*** Begin section ***

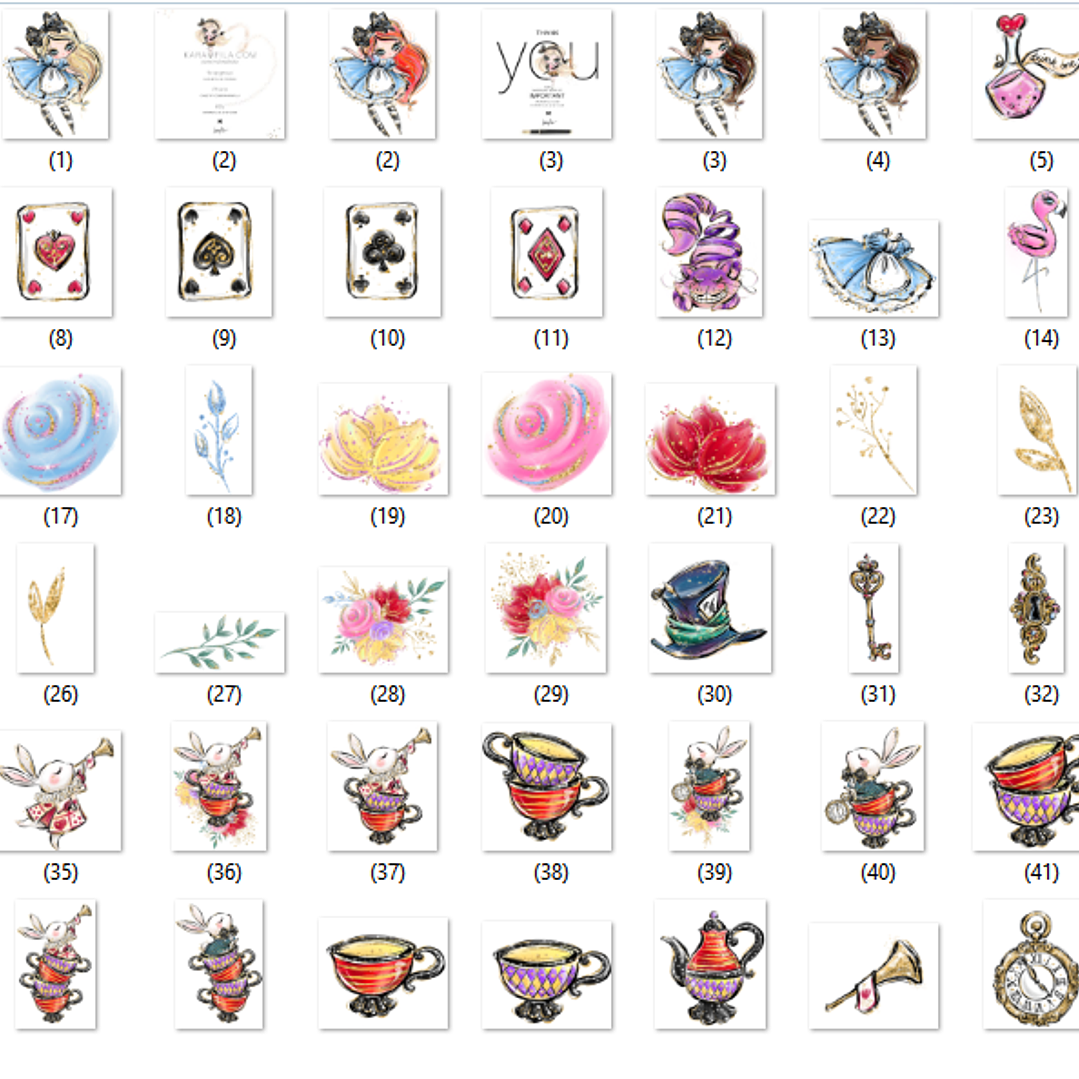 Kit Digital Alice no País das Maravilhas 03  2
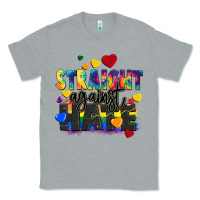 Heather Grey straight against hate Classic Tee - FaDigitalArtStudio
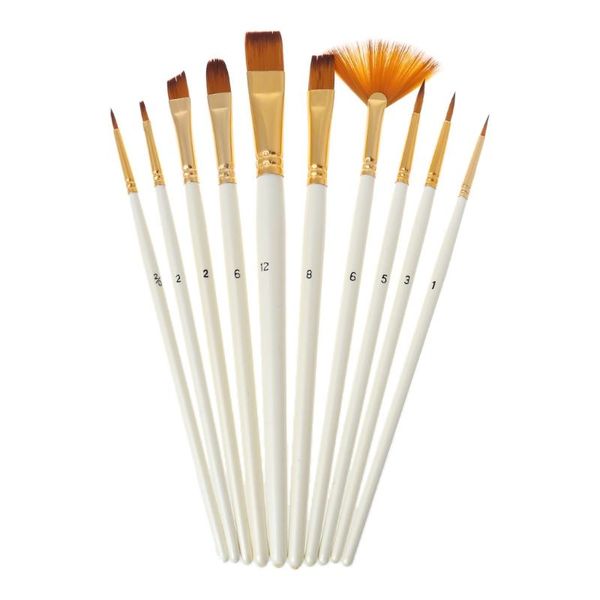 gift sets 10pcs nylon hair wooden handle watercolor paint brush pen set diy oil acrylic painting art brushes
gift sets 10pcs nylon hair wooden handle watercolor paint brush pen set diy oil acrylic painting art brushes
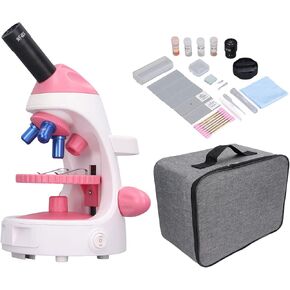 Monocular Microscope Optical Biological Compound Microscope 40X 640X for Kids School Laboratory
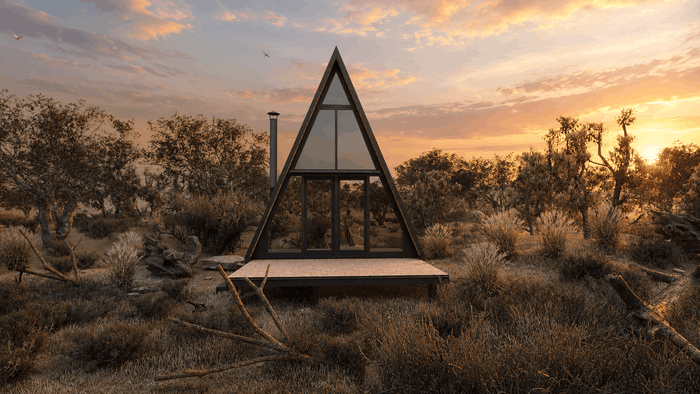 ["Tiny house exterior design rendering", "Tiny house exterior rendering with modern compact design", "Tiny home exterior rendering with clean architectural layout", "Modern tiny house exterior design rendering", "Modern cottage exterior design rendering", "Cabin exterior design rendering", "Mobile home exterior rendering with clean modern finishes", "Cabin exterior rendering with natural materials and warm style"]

*** End section ***

### WORK REQUEST
Please copy exactly the lines from the one containing "Monocular Microscope Optical" through the last line of the records above, both included, and leave out any pictures.

### FINISHED EXERCISE
 Monocular Microscope Optical Biological Compound Microscope 40X 640X for Kids School Laboratory
 ["Tiny house exterior design rendering", "Tiny house exterior rendering with modern compact design", "Tiny home exterior rendering with clean architectural layout", "Modern tiny house exterior design rendering", "Modern cottage exterior design rendering", "Cabin exterior design rendering", "Mobile home exterior rendering with clean modern finishes", "Cabin exterior rendering with natural materials and warm style"]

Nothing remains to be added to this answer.